WHAT THE EXERCISE ASKS. What you give back from the listing below should be an exact copy of the lines from the one with "The Coach House Apartment 리탬 세인트 앤스 외부 사진" down to the one with "Heart-shaped running route", and it should contain no pictures.

RECORDED INFORMATION.
------------------------

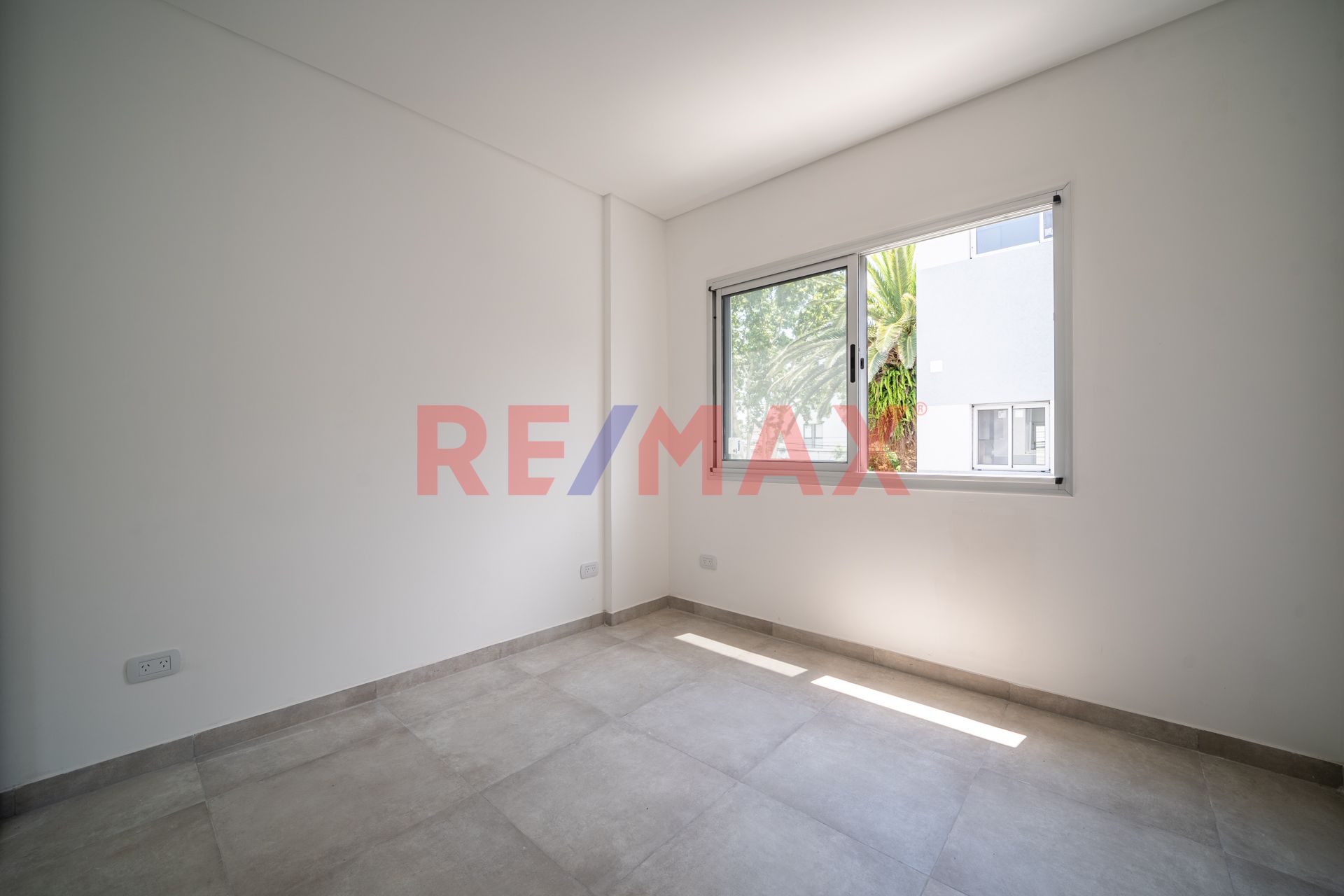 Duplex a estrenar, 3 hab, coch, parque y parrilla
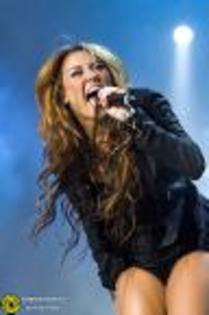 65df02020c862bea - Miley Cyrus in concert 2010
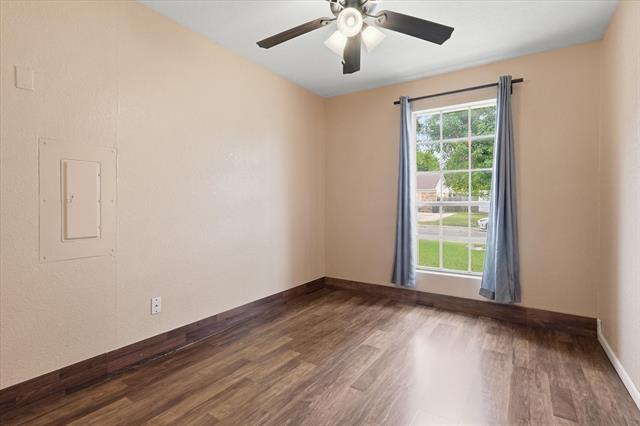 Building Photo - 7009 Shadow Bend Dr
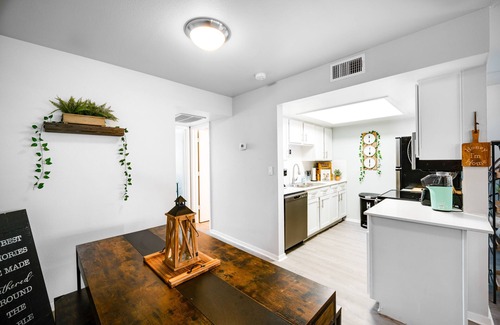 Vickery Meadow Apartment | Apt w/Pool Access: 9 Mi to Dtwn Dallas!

------------------------

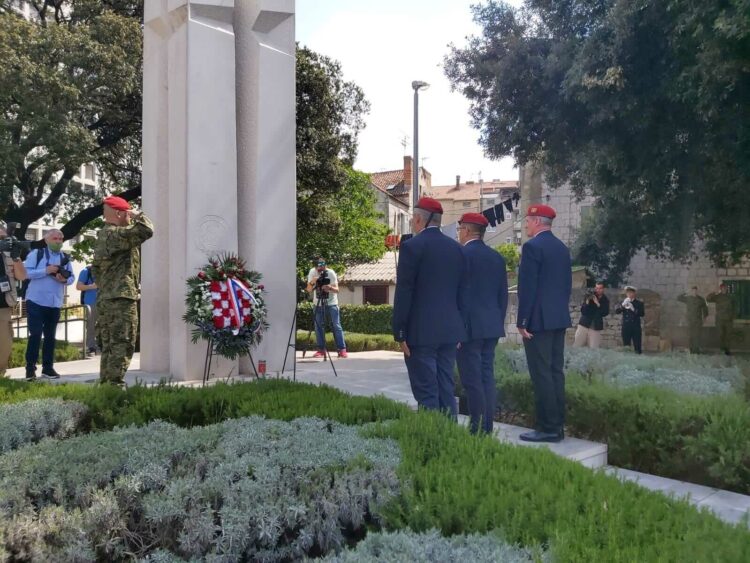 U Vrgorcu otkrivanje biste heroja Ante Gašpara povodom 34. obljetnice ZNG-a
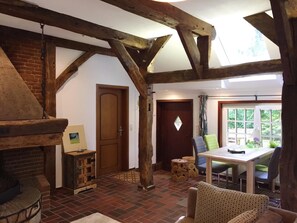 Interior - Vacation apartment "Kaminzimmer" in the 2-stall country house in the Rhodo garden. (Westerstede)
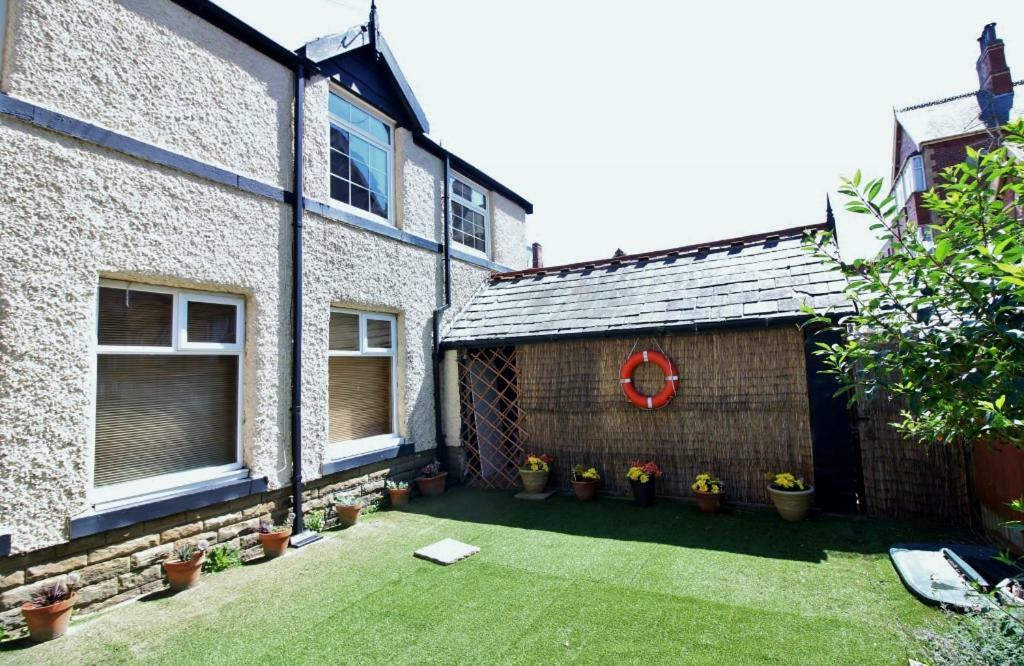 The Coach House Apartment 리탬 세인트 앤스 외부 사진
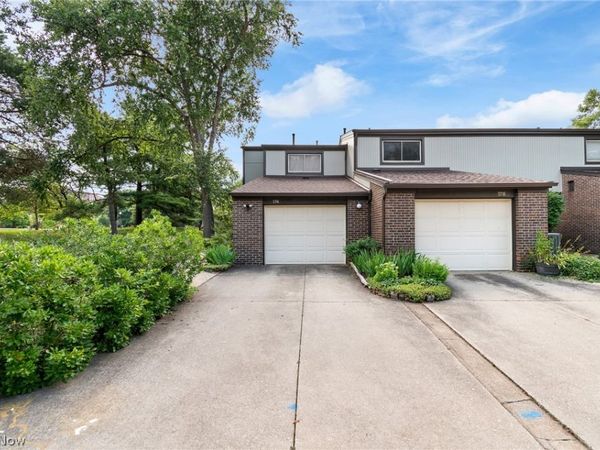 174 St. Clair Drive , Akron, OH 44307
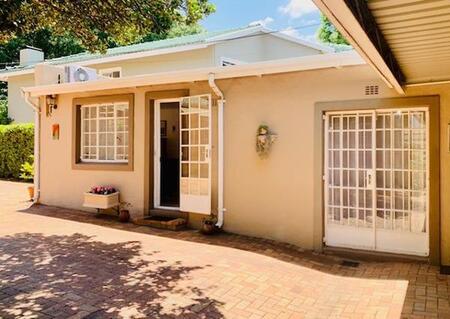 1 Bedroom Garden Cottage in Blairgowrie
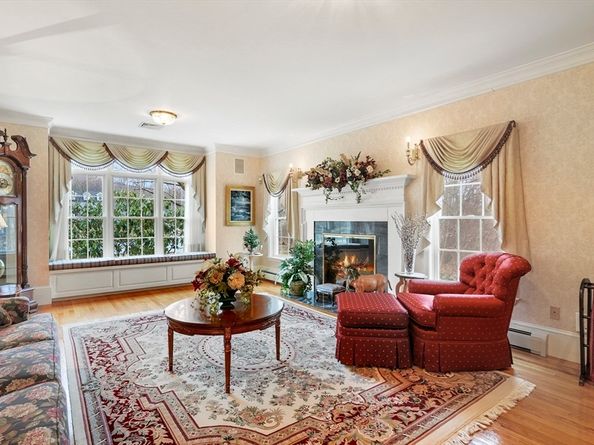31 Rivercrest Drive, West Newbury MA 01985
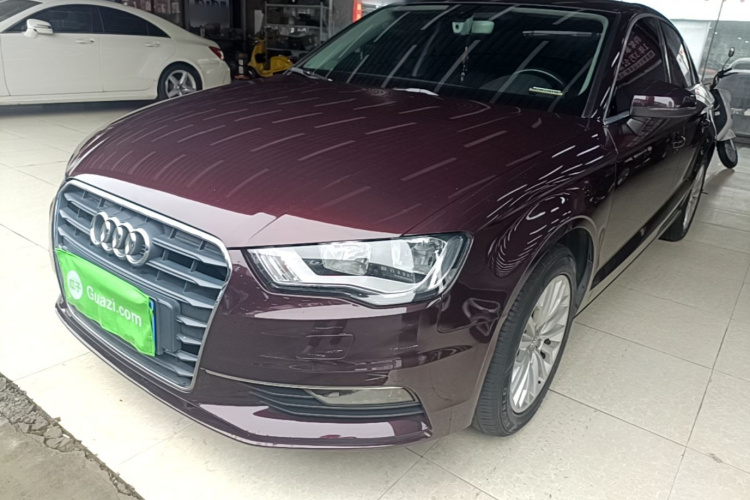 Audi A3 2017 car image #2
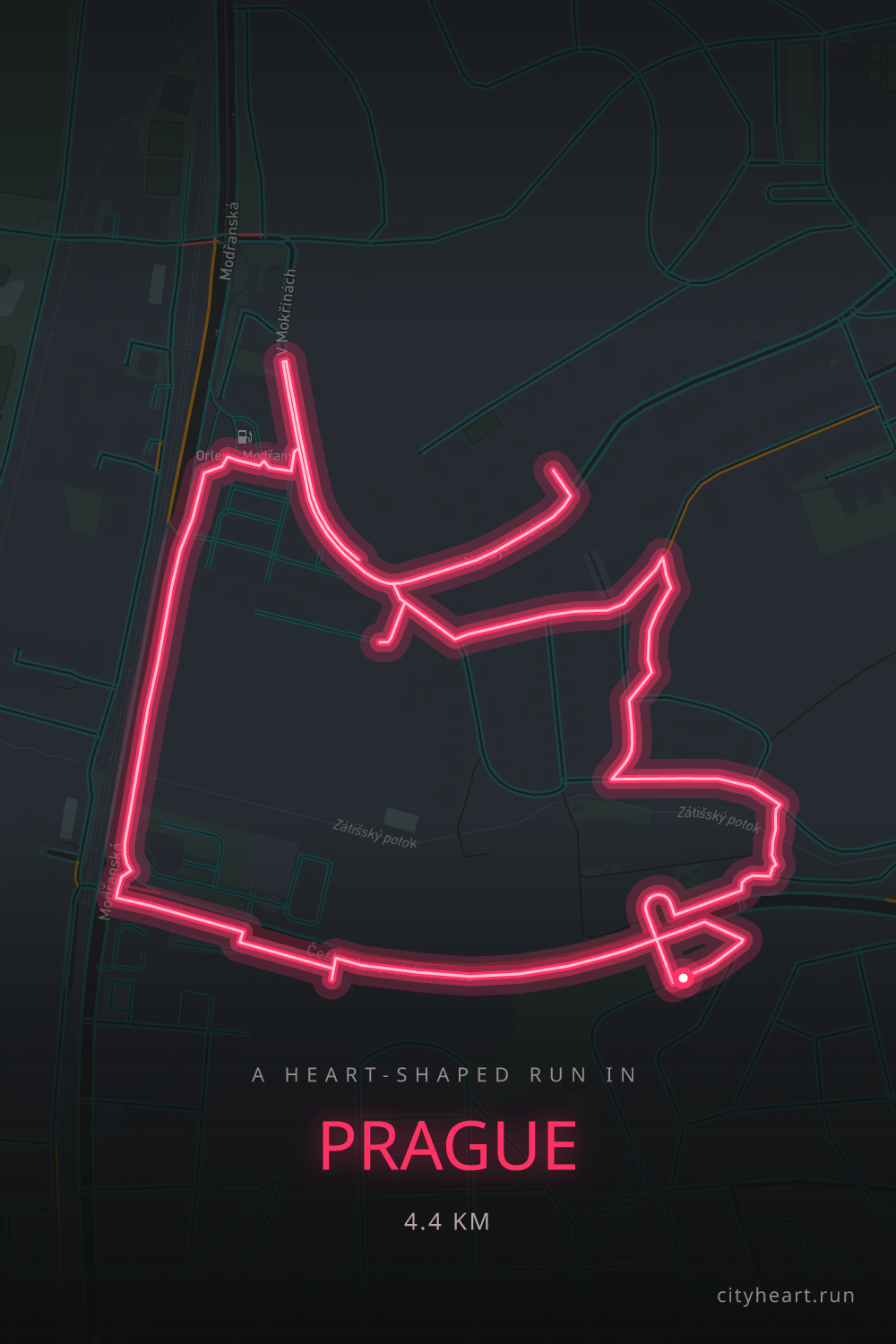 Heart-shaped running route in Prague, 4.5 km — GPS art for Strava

------------------------

RESPONSE.
 The Coach House Apartment 리탬 세인트 앤스 외부 사진
 174 St. Clair Drive , Akron, OH 44307
 1 Bedroom Garden Cottage in Blairgowrie
31 Rivercrest Drive, West Newbury MA 01985
 Audi A3 2017 car image #2
 Heart-shaped running route in Prague, 4.5 km — GPS art for Strava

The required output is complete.